Samedi 11 :
L’auberge est aussi vivante à 6h que quelques heures auparavant en pleine soirée. On s’entasse dans le premier pickup pour gagner Lanquin. Je ne le sais pas encore, mais je commence le pire trajet de ma vie.
Après une heure de route sur des cailloux saillants et de rebondissements contre un siège inconfortable, on arrive dans la cohue de Lanquin, bled bien vivant pour une heure aussi matinale. Les mini-bus des transferts s’entrecroisent tous et des crieurs tentent d’orienter tout un chacun. Je trouve mon véhicule pour Rio Dulce, avant de monter à bord je fais le plein en achetant 5 petits pains à la cannelle puis je vais m’asseoir sur une banquette sans repose-tête.

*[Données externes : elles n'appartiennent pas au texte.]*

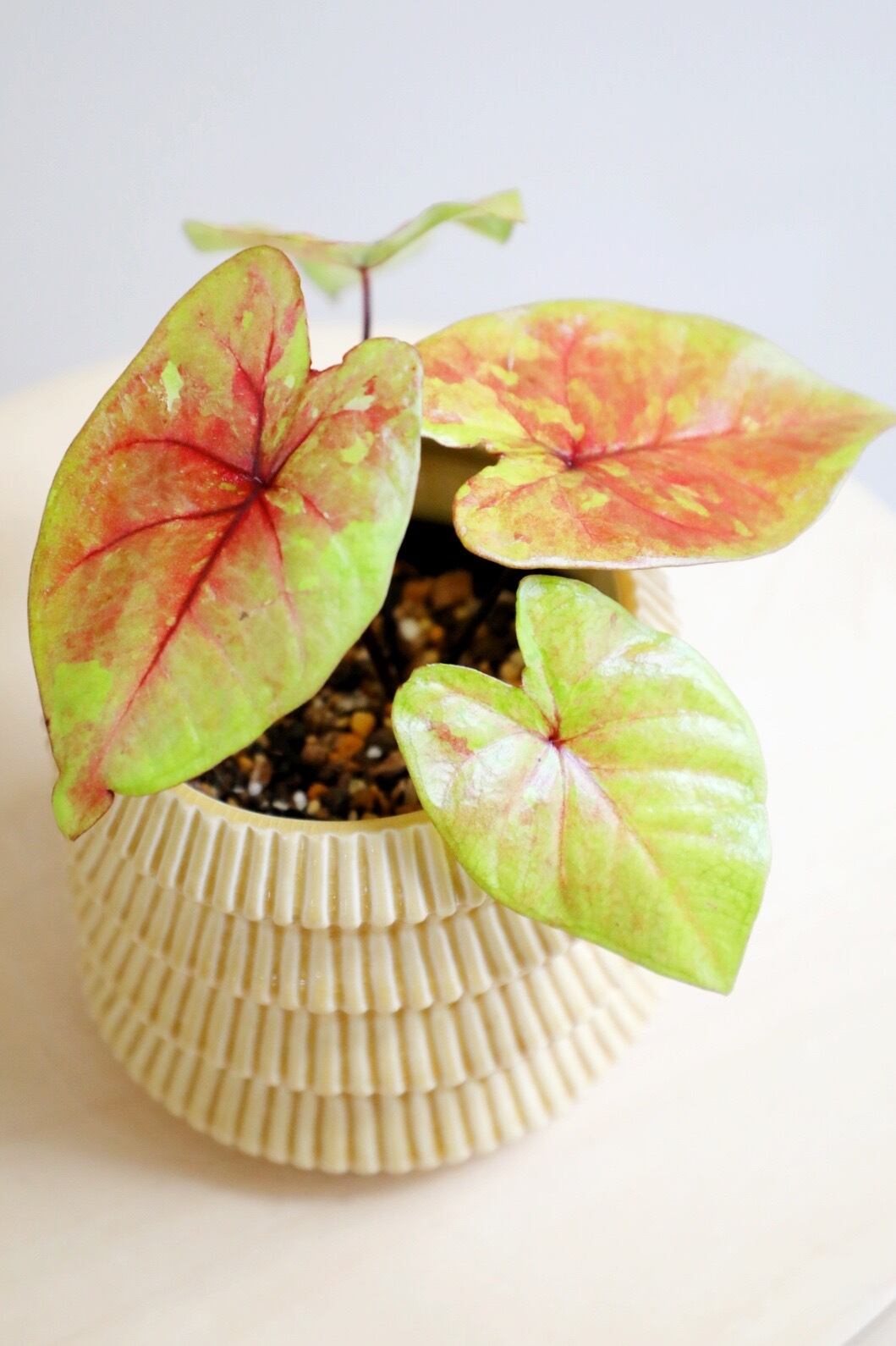カラジウム S】カラジウム フラッシュ/Caladium | 【厳選植物・器】MIDORI DOUMEI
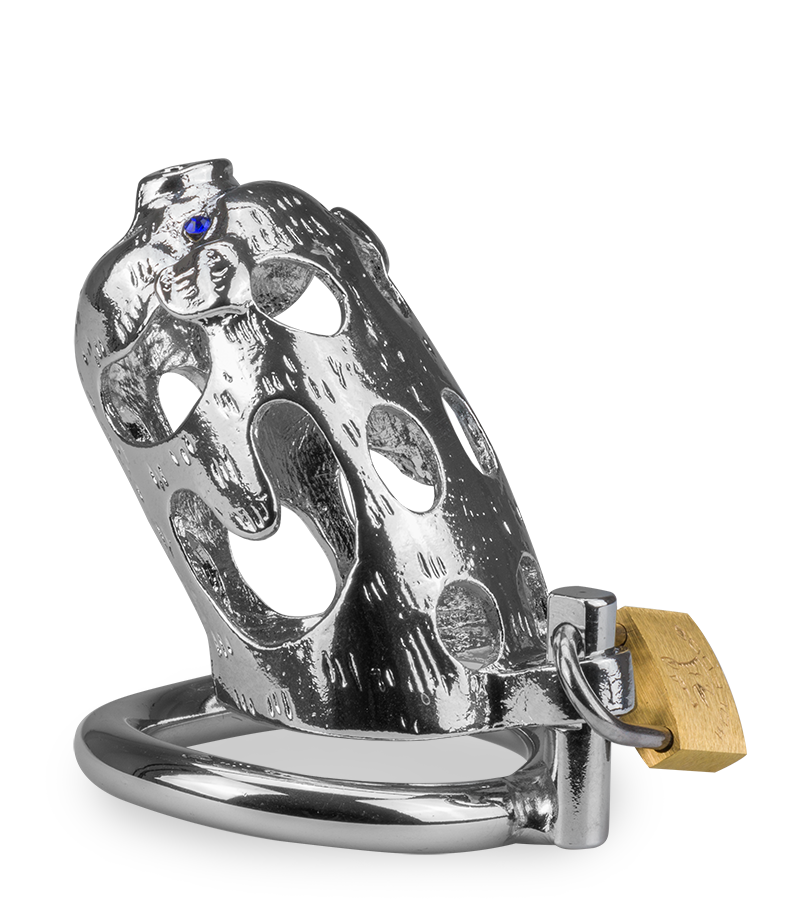 Cage de chasteté pénis astrologie chinoise Cochon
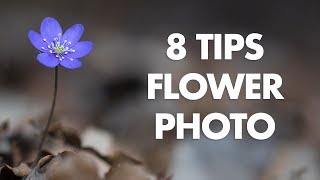 My 8 Best Tips for Flower Photography [upl. by Sebastiano]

Je retrouve d’ailleurs une hollandaise que j’ai croisé au marché de Chichicastenango, assise confortablement devant.
Le mini-bus se met en route, c’est parti pour 6 heures de route caillouteuse sans une once de goudron. Petits virages, routes étroites, beaux paysages (certes), mais c’est surtout le trajet de l’enfer. Ma fenêtre ne cesse de glisser pour se fermer avec tous les cahotements incessants, empêchant l’air frais de rentrer. Nids de poules continus, musique romantique insupportable, enfants travaillants avec des pioches pour combler les trous de la route (ils tendent la main lorsqu’un véhicule passe, en quête d’une rétribution) : c’est vraiment la route de l’enfer.

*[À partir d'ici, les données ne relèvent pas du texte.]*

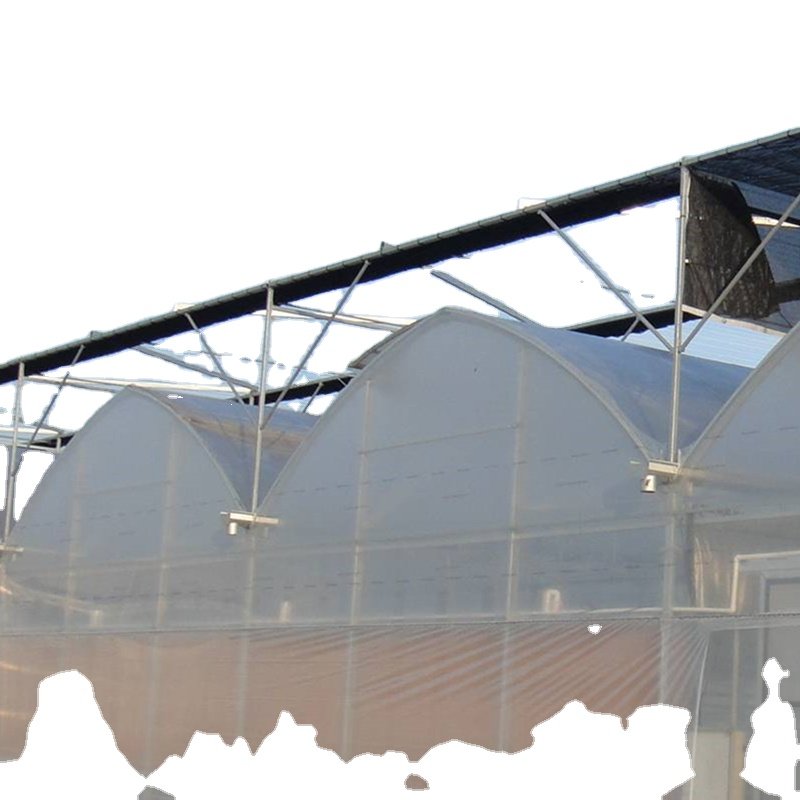 Po Film Green House Metal Frame Tunnel Type Single Span Agricultural Greenhouse For Tomatoes Planting Agriculture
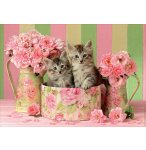 PUZZLE 2 CHATONS DANS UNE BOITE ET DES BOUQUETS DE ROSES 500 PIECES - COLLECTION ANIMAUX - EDUCA - 17960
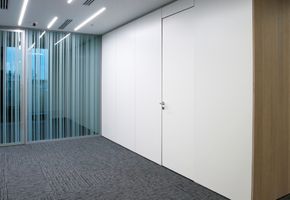 Doors NAYADA-Stels in project Офис строительной компании
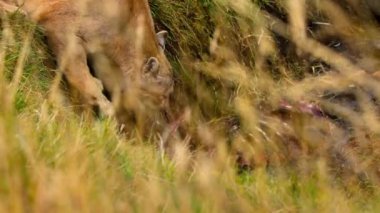 Güney Amerikalı puma (Puma concolor concolor concolor) ve yavrusu Güney Şili Patagonya 'daki Torres del Paine Ulusal Parkı' nda bir guanakonun kalıntılarını yiyorlar..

On arrive FINALEMENT à Rio Dulce. C’est là que je découvre que mon auberge n’est pas dans la ville même, mais sur la rivière. C’est le cas de presque tout le monde à bord du minibus. Notre calvaire n’est pas fini, c’est parti pour une heure de bateau. Pas une promenade tranquille en bateau, non haha, une heure de bateau rebondissant sur les flots, avec du vent nous fouettant nos délicats visages.
Bon, ok, on voit de beaux bateaux dans des marinas privées, yachts, catamarans, majestueux voiliers… On est dans un des seuls endroits où les assurances acceptent de couvrir les bateaux contre les risques d’ouragans dans la région, ce petit coin de Guatemala étant totalement à l’abri de ceux-ci.

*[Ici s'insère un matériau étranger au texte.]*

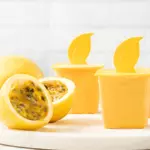Passion Fruit Ice Cream (MARACUYA)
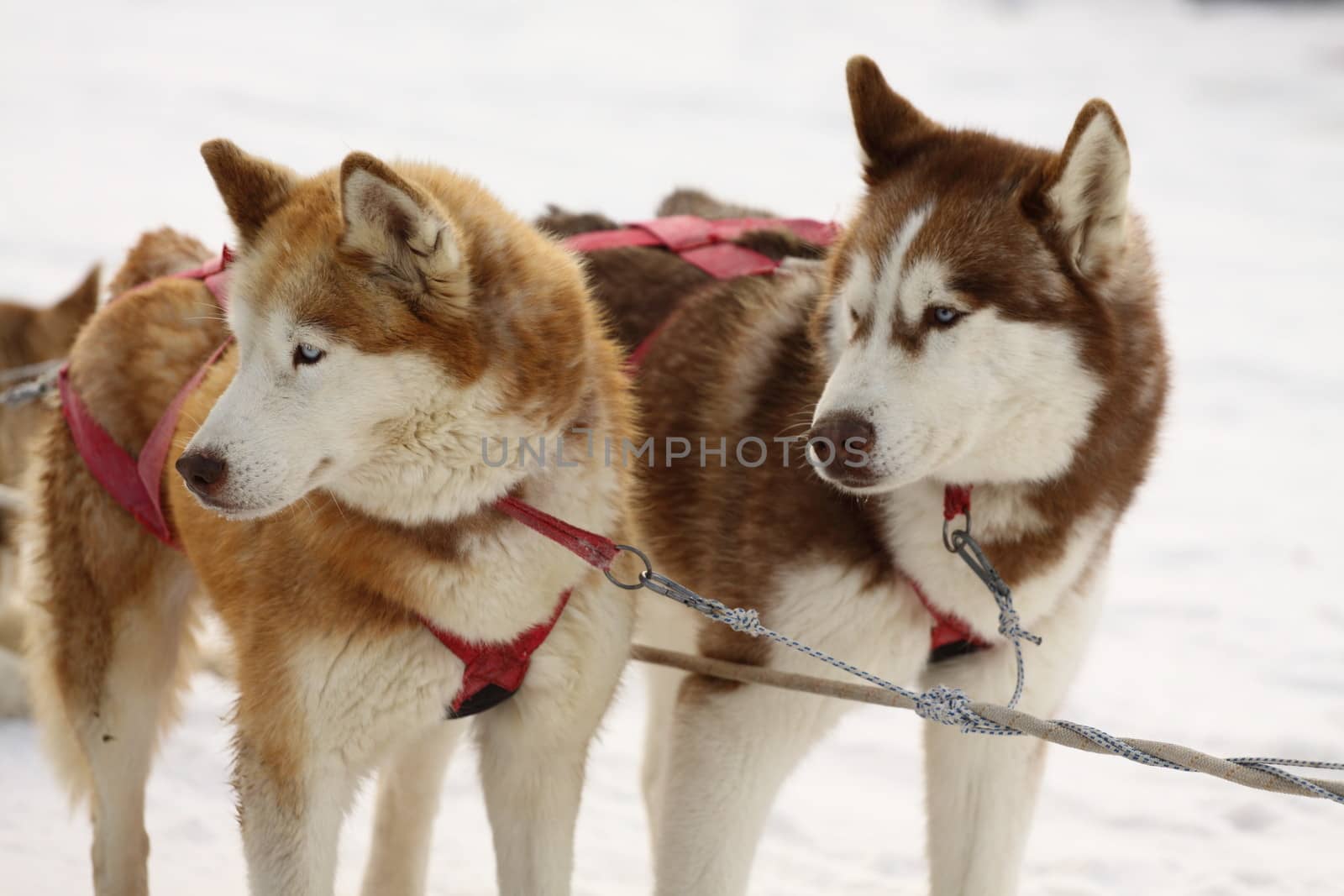 Outdoor portrait of siberian husky dog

Des dames faisant la lessive dans la rivière Le bateau débarque une partie d’entre nous au ponton de la Casa Redonda. Le cœur de l’auberge, une grande paillote ronde de plusieurs étages faisant office de réception, cuisine, salle à manger, compte aussi quelques chambres privées et un dortoir au dernier étage : sur une mezzanine ouverte, une dizaine de lits en demi-cercle avec chacun sa petite moustiquaire.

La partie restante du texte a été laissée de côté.